Com tração traseira tem-se a divisão de tarefas entre as rodas: ficam as dianteiras com a direção e as traseiras com a aplicação de potência ao solo
Nem todo carro de tração traseira tem o comportamento oposto, o do sobresterço ou saída de traseira — aliás, são cada vez mais raros os que atuam dessa forma, justamente porque os fabricantes têm optado pela atitude mais favorável ao controle pelo motorista. Contudo, se o sobresterço se manifesta, a reação do condutor precisa ser outra: acelerar e mover o volante para fora da curva, contra-esterçando, o que requer habilidade quase de piloto. Se o motorista age como no caso do subesterço, o carro tende a girar em torno de seu próprio eixo, rodando, o que leva em muitos casos à perda de controle.
Pelo exposto, parece que têm razão as muitas fábricas que adotaram a tração dianteira como padrão em seus carros, não? Sim, mas só até certo ponto.
Como toda moeda tem dois lados, a tração traseira também revela vantagens importantes. A mais inerente delas é a divisão de tarefas entre as rodas: não importa onde está o motor, ficam as dianteiras com a direção e as traseiras com a tração, a aplicação de potência ao solo. Como as forças exercidas sobre o pneu (direção e tração) se somam e existe um limite para sua aderência, ao fazer uma curva rápida chega um momento em que ele não pode receber mais potência sem derrapar.
Outro benefício tem relação com o deslocamento de massas do veículo. Quando acelerado, seu movimento à frente transfere peso para trás: as rodas dianteiras perdem aderência e tendem a patinar, enquanto a tração traseira aproveita tal deslocamento para obter aderência ainda maior. Nas frenagens intensas, o carro com trem de força todo na frente projeta mais peso sobre os pneus dianteiros (o que não é desejável) que o automóvel com tração atrás.

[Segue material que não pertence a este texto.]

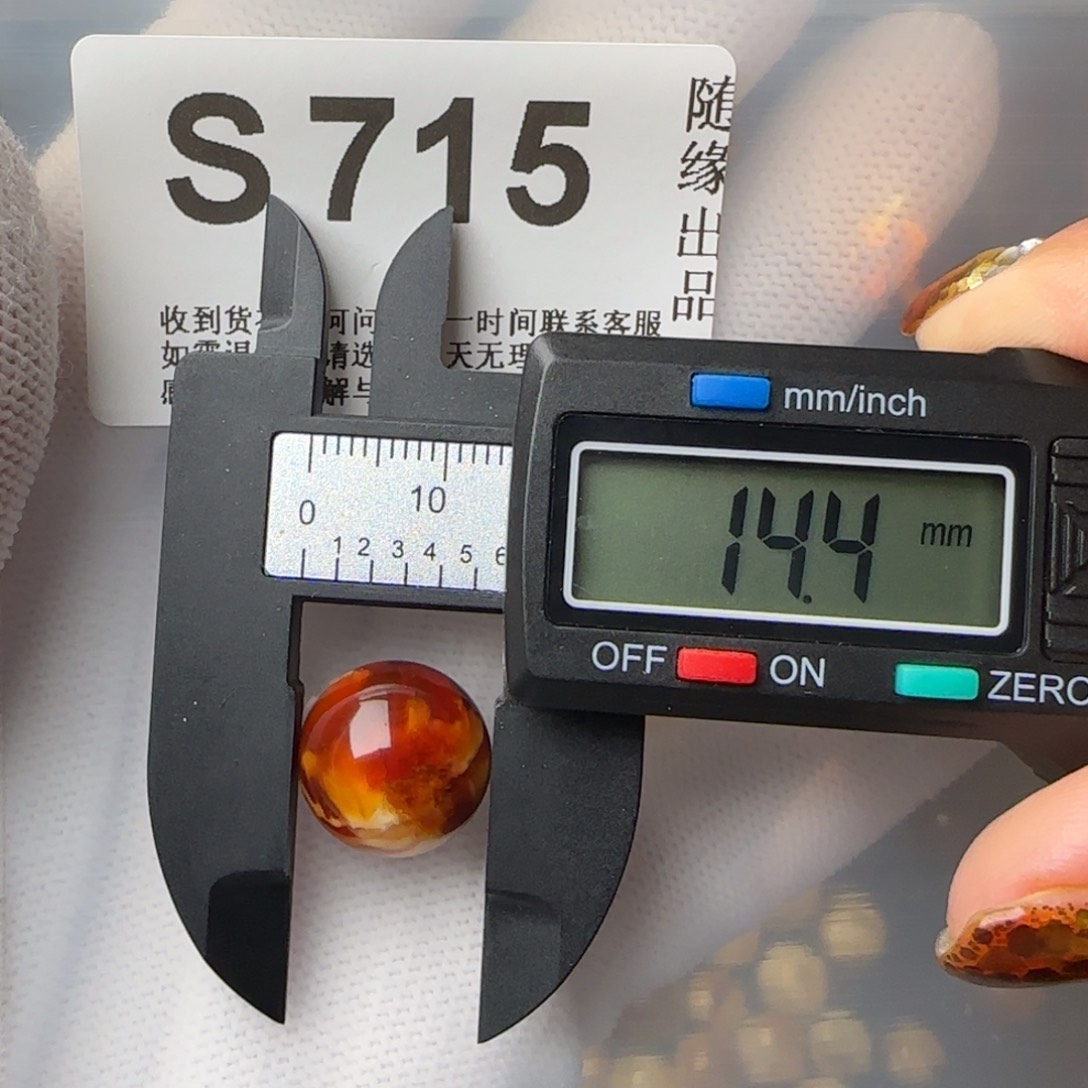 琥珀裸石未镶嵌冷**境14尺寸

Tais fatores explicam por que carros de alto desempenho continuam com tração traseira, quando não integral. Há algum tempo se considerava que 200 cv eram um limite razoável de potência para tração dianteira, mas a evolução de pneus, suspensão e eletrônica (com controles de tração e de estabilidade) elevaram esse patamar. Hoje há modelos dessa configuração com mais de 250 cv com resultados bastante aceitáveis de comportamento. Desse nível de potência para cima, porém, os benefícios da tração traseira crescem de forma evidente.
Sendo o motor dianteiro, ter rodas motrizes atrás concorre ainda para melhor distribuição de massas entre os eixos. É comum ver modelos com essa arquitetura que obtenham divisão próxima a 50% por eixo, enquanto os de motor e tração à frente raramente escapam de concentrar nesses pneus cerca de 60% do peso.
Qual o efeito? Mesmo com aplicação moderada de potência, o carro com distribuição mais desigual tende a sobrecarregar os pneus dianteiros em curvas, chegando mais cedo ao limite de aderência. E o desgaste de tais pneus torna-se maior, enquanto a tração traseira contribui para desgastá-los de maneira homogênea. Ainda, a ausência de transmissão na frente permite maior esterçamento dessas rodas, o que diminui o diâmetro de giro e facilita manobras.
Por todas essas razões, os entusiastas da direção esportiva são praticamente unânimes na preferência pela tração traseira. Por mais casos que existam de tração dianteira com comportamento brilhante, eles concordam que despejar potência nas rodas de trás é o caminho para obter prazer e diversão ao volante, seja para elevar as capacidades de curva e de aceleração, seja para ultrapassá-las e pôr à prova sua capacidade como motorista.
No entanto, como nem sempre há muita potência à disposição ou oportunidade para explorá-la, as vantagens da tração dianteira asseguram seu emprego como solução mais eficiente e econômica para os carros que nos levam e trazem todos os dias.